从stackoverflow中查到如下内容,翻译如下:
input stride为我们正常进行卷积时候设置的stride值,
output stride为该矩阵经过多次卷积pooling操作后,尺寸缩小的值,例如:
input image为224 * 224,经过多次卷积pooling操作后,feature map为7*7,那么output stride为224/7 = 32.
Input stride is the stride of the filter . How much you shift the filter in the output .
Output Stride this is actually a nominal value . We get feature map in a CNN after doing several convolution , max-pooling operations . Let’s say our input image is 224 * 224 and our final feature map is 7*7 .
Then we say our output stride is : 224/7 = 32 (Approximate of what happened to the image after down sampling .)
This tensorflow script describe what is this output stride , and how to use in FCN which is the case of dense prediction .

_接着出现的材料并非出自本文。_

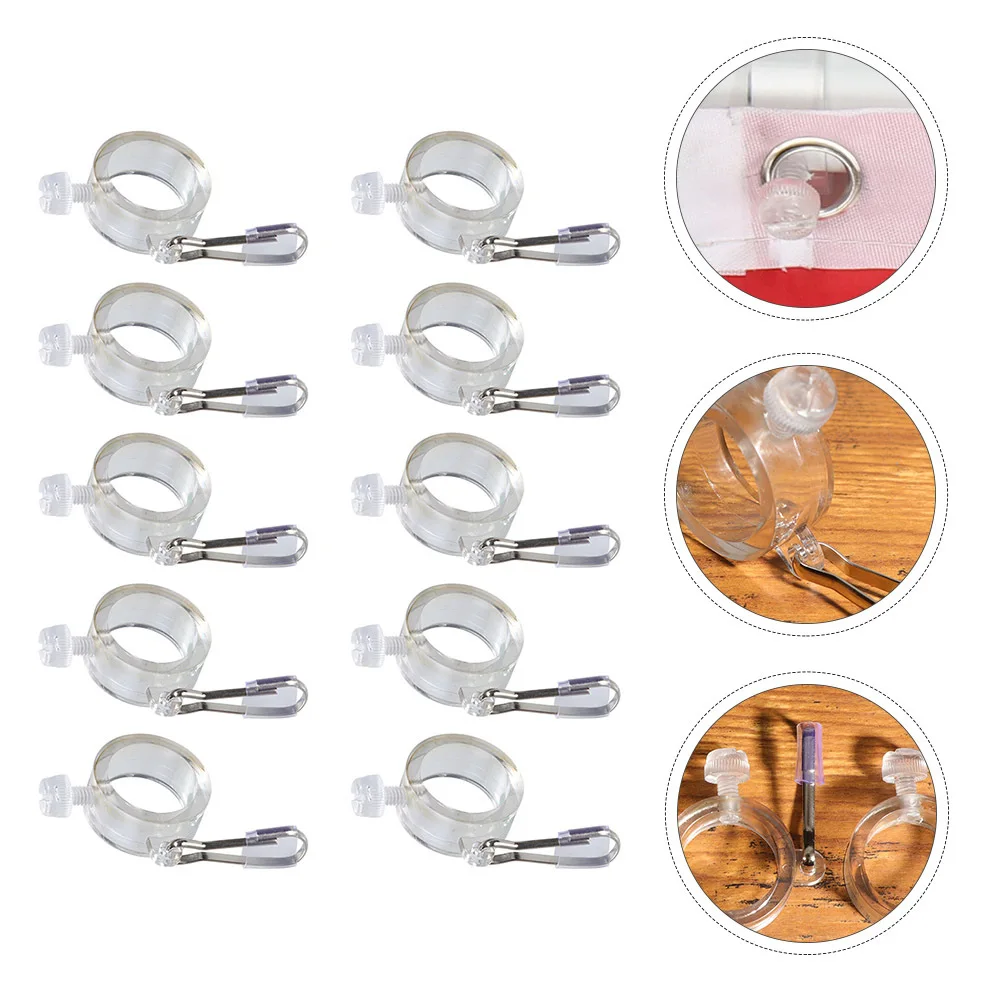 

8 pcs Flag Mounting Rings Mounting Rings Metal Flag Pole Clips For Outdoor Flags Durable Fixing Buckles No Fading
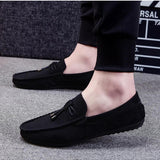 Hombres Mocasines con diseno metal ocio negro de serraje falso casual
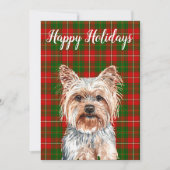 Aangepaste waterverf Yorkshire Terrier-hond Feestdagenkaart (Voorkant)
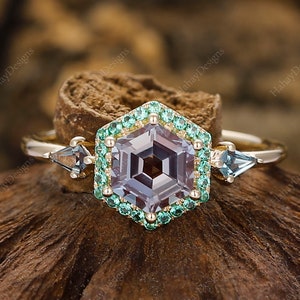 Custom Birthstone ring Hexagon cut Alexandrite ring rose gold halo emerald ring vintage kite cut opal ring women unique gemstone gift ring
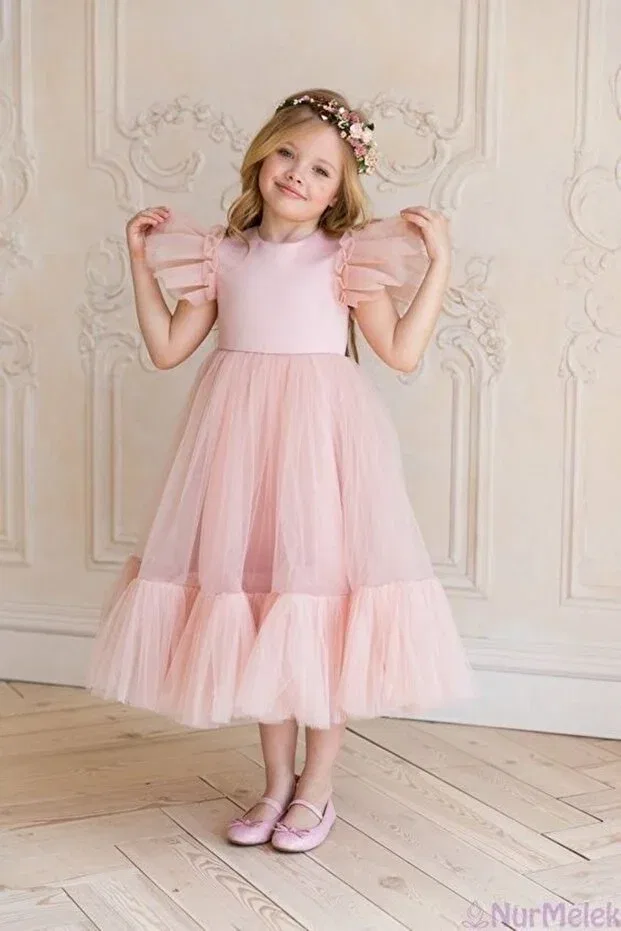 Детское платье для девочек с коротким рукавом Party Asel Kids, Powder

one uses inputs with spatial dimensions that are multiples of 32 plus 1, e.g., [321, 321]. In this case the feature maps at the ResNet output will have spatial shape [(height - 1) / output_stride + 1, (width - 1) / output_stride + 1] and corners exactly aligned with the input image corners, which greatly facilitates alignment of the features to the image. Using as input [225, 225] images results in [8, 8] feature maps at the output of the last ResNet block.